Introduction
On October 20th, 2025, Celestia tasked zkSecurity with auditing its high-performance data availability codec, RSEMA1D (Reed-Solomon Evans-Mohnblatt-Angeris 1D). The specific code to review was shared via a private GitHub repository. The audit lasted one week with two consultants.
The RSEMA1D codec is based on the ZODA paper, specifically implementing the Hadamard variant from Appendix D with a single column, which served as the primary theoretical foundation for this audit. Additionally, the Celestia team shared a specification as well as an internal Notion document that provided a high-level overview of the codec.
Scope
The scope of this audit covered the entire RSEMA1D repository at commit 65cc9d4c3887936393763d32e0cf4e665d9d2705. All files and components present in that commit were considered in-scope. Dependencies outside this repository (in particular, Celestia’s Leopard Reed–Solomon codec) were not formally in scope, although we occasionally referred to them for context.
Strategic Recommendations
In addition to the findings discussed later in this report, we have the following strategic recommendations:
Audit of underlying Reed-Solomon implementation. This report assumed that Celestia’s Leopard Reed-Solomon GF16 codec was safely implemented, particularly the core functions New, Encode, Reconstruct, and GF16Mul. While we reviewed the RSEMA1D layer built on top of this codec, the correctness and security of the entire system fundamentally depends on the underlying Reed-Solomon implementation. We recommend a dedicated audit of the Leopard library, unless already done, to ensure its cryptographic primitives are sound and properly implemented.

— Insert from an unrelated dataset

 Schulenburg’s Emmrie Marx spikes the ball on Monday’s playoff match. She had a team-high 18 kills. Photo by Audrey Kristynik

Review of system integration. The scope of this audit was limited to the RSEMA1D codec library itself. However, the security of a data availability system depends not only on the codec’s correctness but also on how it is integrated and used throughout the broader Celestia stack. We recommend an audit of the integration layer to verify that the codec is being invoked correctly, that data flows between components are secure, and that the overall system maintains the intended security properties when all components interact together.
Overview
In this section we give an overview of data availability, the original ZODA construction, and some detail of the construction implemented by Celestia.

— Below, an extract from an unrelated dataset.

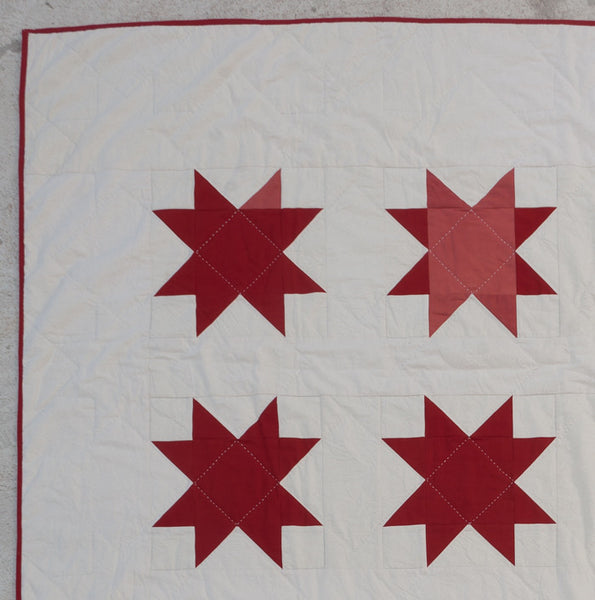 Red Sawtooth Star Quilt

What is Data Availability?
Data availability (DA) refers to the guarantee that a blob of data (e.g. all transaction data in a block of a rollup protocol) has been published and is accessible to a network. Without DA, if even a small portion of the data were to be withheld, honest nodes wouldn’t be able to recover the full original data. In protocols like rollups where the production of block data is being done off-chain, not having a decentralized way to ensure that the rollup data is available (for a certain period of time) could prevent users from verifying and trusting the protocol, or leave them stuck and unable to recover from a protocol halting by being unable to download the necessary data to reconstruct the latest state. In traditional blockchains, full nodes trivially ensure data availability by downloading 100% of the block data themselves. However, this approach does not scale well: requiring every node to fetch every block in its entirety quickly becomes a throughput bottleneck.
The modern alternative to downloading every block is known as Data Availability Sampling (DAS). In a nutshell, DAS lets nodes probabilistically verify that a block’s full data is available by downloading random samples of it rather than the entire block. If enough nodes have performed enough sampling, we are convinced that the data is available and recoverable if needed, even if some pieces of it go missing.

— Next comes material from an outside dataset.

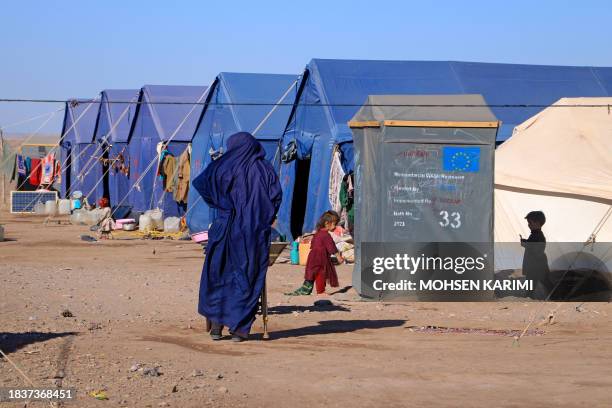 Afghan children play near their makeshift tents at Nayeb Rafi village in Zendeh Jan district of Herat province on December 10 since houses were...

This probabilistic verification becomes possible through a specific way of coding the block’s data. Before a block is broadcast, its data is processed with erasure coding to introduce redundancy. Specifically, many modern DA layers use a one or two-dimensional Reed-Solomon encoding approach: the block’s data is arranged in a matrix and then extended with parity chunks for each row/column. This means the block is effectively duplicated with error-correction data in horizontal/vertical directions. For this extended data matrix, even if some parts are lossy, any chunk can be recovered from the redundant pieces. In other words, as long as a sufficient subset of pieces is available, the entire original block can be reconstructed.
DA schemes typically include commitment and proof systems for the encoded data. The block producer publishes a commitment to the entire extended matrix (for example, a KZG or Merkle commitment). Then, for any chunk a node wants to sample, the producer (or any full node) can provide a short proof that this chunk is part of the committed block. This proof allows the node to verify the integrity of that chunk without having to download the whole block.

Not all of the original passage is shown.